Neutral citation: [2024] KEHC 11480 (KLR)

Republic of Kenya

In the High Court at Vihiga

Criminal Appeal E003 of 2023

JN Kamau, J

September 26, 2024

Between

Macloud Kadenge

Appellant

and

Republic

Respondent

(Being an Appeal from the Judgment of Hon M. Ochieng (SPM) delivered at Hamisi in Senior Principal Magistrate’s Court in Sexual Offence Case No 50 of 2021 on 20th February 2023)

Judgment

Introduction 1. The Appellant herein was charged with the offence of defilement contrary to Section 8(1) as read with Section 8(3) of the Sexual Offences Act No 3 of 2006. He was also charged with an alternative charge of the offence of committing an indecent act with a child contrary to Section 11(1) of the Sexual Offences Act.

2. He was convicted by the Learned Trial Magistrate, Hon M. Ochieng (SPM), on the charge of defilement and sentenced to twenty (20) years imprisonment.

3. Being dissatisfied with the said Judgment, on 4th March 2023, he lodged the Appeal herein. His Petition of Appeal was dated 3rd March 2023.

4. His Written Submissions were dated 20th March 2024 and filed on 12th April 2024 while those of the Respondent were dated 21st May 2024. It was not clear from the court record when the same were filed as they did not bear the court stamp). The Judgment herein is based on the said Written Submissions that both parties relied upon in their entirety.

Legal Analysis 5. It is settled law that the duty of a first appellate court is to evaluate afresh the evidence adduced before the trial court in order to arrive at its own independent conclusion but bearing in mind that it neither saw nor heard the witnesses testify.

6. This was aptly stated in the case of Selle & Another vs Associated Motor Boat Co Ltd & Others [1968] EA 123 where the court therein held that the appellate court was not bound by the findings of fact of the trial court but that in re-considering and re-evaluating the evidence so as to draw its own conclusions, it always had to bear in mind that it neither saw nor heard the witnesses testify and thus make due allowance in that respect.

7. Having looked at the Appellant’s Grounds of Appeal, it appeared to this court that the issues that had been placed before it for determination were as follows:-a.Whether or not the Prosecution proved its case beyond reasonable doubt; andb.Whether or not in the circumstances of this case, the sentence that was meted upon the Appellant herein by the Trial Court was lawful and/or warranted.

8. The court dealt with the said issues under the following distinct and separate heads.

I. Proof Of Prosecution’s Case 9. Grounds of Appeal Nos (1), (2), (3), (4), (5), (6), (7), (8) and (9) of the Petition of Appeal were dealt with under this head as they were all related.

10. In determining whether or not the Prosecution had proved its case to the required standard, which in criminal cases is proof beyond reasonable doubt, this court considered the ingredients of the offence of defilement.

11. It is now settled that the ingredients of the offence of defilement are proof of complainant’s age, proof of penetration and identification of the perpetrator as was held in the case of George Opondo Olunga vs Republic [2016] eKLR.

12. This court dealt with the aforesaid Grounds of Appeal under the following distinct and separate heads.

A. Age 13. The Appellant did not submit on this issue.
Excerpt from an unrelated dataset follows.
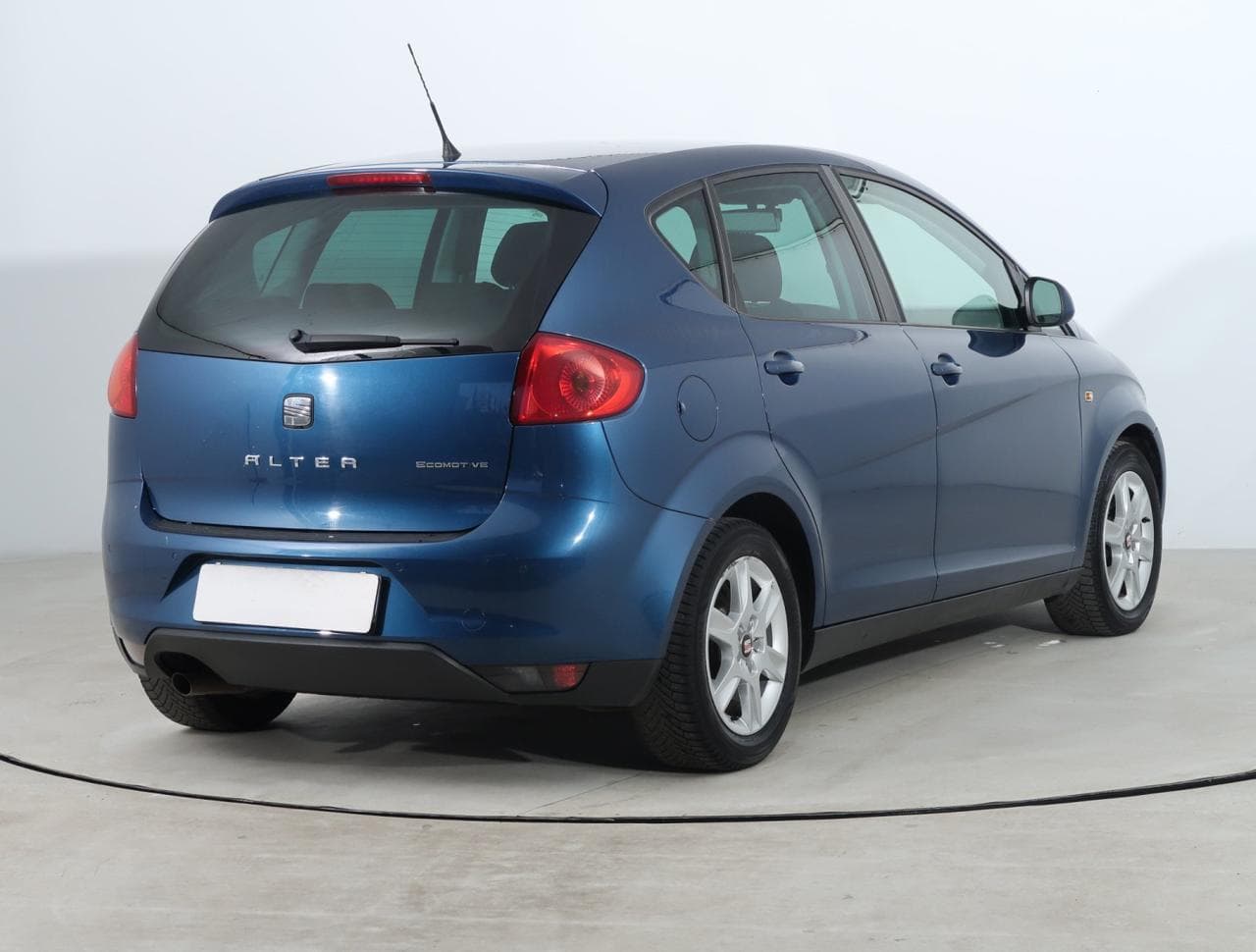 2014 Seat ALTEA - 7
On its part, the Respondent pointed out that Jackline Bulimu Vinayo (hereinafter referred to as “PW 2”) testified that her daughter, the Complainant, PM, (hereinafter referred to as “PW 1”) was born on 3rd November 2007. She produced a Birth Certificate in support thereof.

14. The aforementioned Birth Certificate showed that PW 1 was born on 3rd November 2007. The offence herein was committed between 9th August 2021 and 10th August 2021. She was therefore aged thirteen (13) years nine (9) months at the material time of the incident herein.

15. The Appellant did not challenge the production of the aforesaid Birth Certificate and/or rebut this evidence by adducing evidence to the contrary. Consequently, this court was satisfied that the Prosecution had proved that PW 1 was thirteen (13) years, nine (9) months old and was therefore a child at the material time.

B. Identification 16. The Appellant blamed the Trial Court for failing to weigh the Prosecution’s conflicting evidence that was inconsequential to his conviction. He pointed out that the evidence of PW 1 and PW 2 was inconsistent. He argued that although they both indicated that they knew he worked only one house from their home, PW 1 stated in her testimony that she did not know his place of work. He challenged the fact that PW 1 led the Assistant Chief to his work place yet she did not know where he worked. He also pointed out that Beatrice Alivitsa (hereinafter referred to as “DW 2”) denied telling PW 1, PW 2 and the Assistant Chief that there was a worker in her home who had slept with PW 1 in the kitchen and that DW 2 denied witnessing his arrest as PW 1 and PW 2 had both alleged.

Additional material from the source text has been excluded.